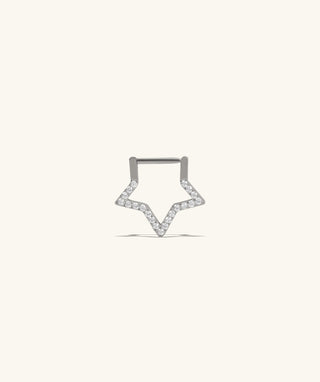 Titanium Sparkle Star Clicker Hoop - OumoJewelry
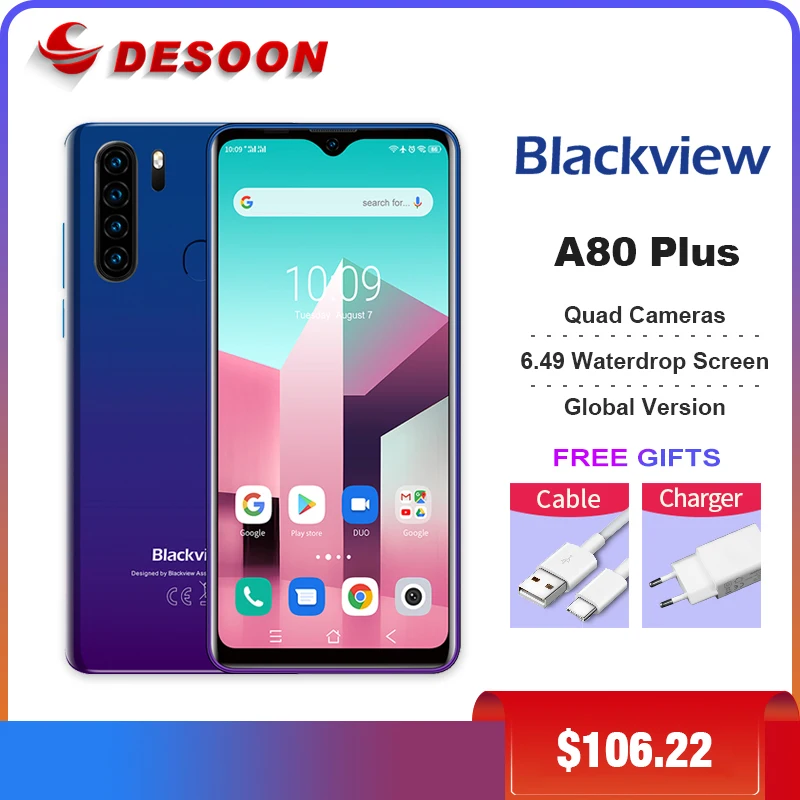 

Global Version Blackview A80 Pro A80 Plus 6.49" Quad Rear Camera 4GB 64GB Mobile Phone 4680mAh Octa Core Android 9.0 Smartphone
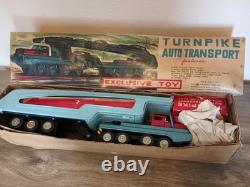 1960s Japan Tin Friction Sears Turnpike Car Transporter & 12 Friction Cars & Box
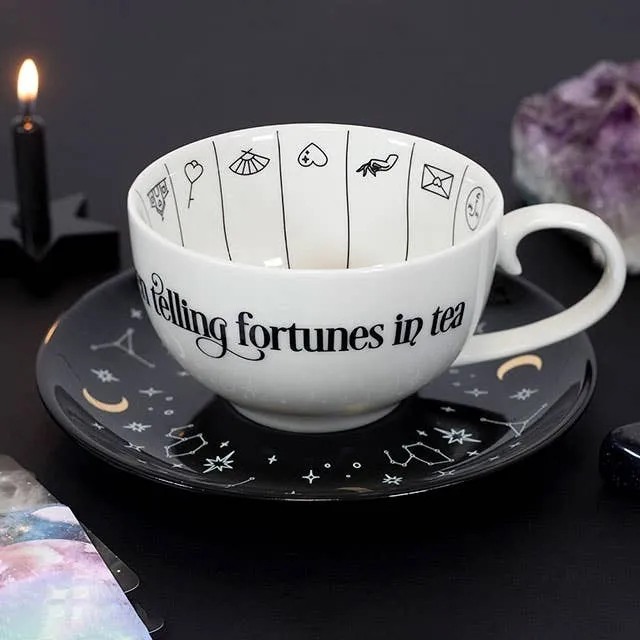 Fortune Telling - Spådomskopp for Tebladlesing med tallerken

---

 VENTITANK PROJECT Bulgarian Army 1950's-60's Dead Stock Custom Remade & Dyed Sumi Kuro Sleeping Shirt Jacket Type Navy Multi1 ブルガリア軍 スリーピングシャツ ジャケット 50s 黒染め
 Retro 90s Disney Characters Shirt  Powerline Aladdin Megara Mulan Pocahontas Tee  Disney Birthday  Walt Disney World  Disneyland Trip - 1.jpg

EXERCISE: Exact copy, no pictures. Write out the lines in the entries above, starting with the line with "1960s Japan Tin" and going on through the line with "Fortune Telling - Spådomskopp", keeping both.

RESULT OF THE EXERCISE:
 1960s Japan Tin Friction Sears Turnpike Car Transporter & 12 Friction Cars & Box
 Fortune Telling - Spådomskopp for Tebladlesing med tallerken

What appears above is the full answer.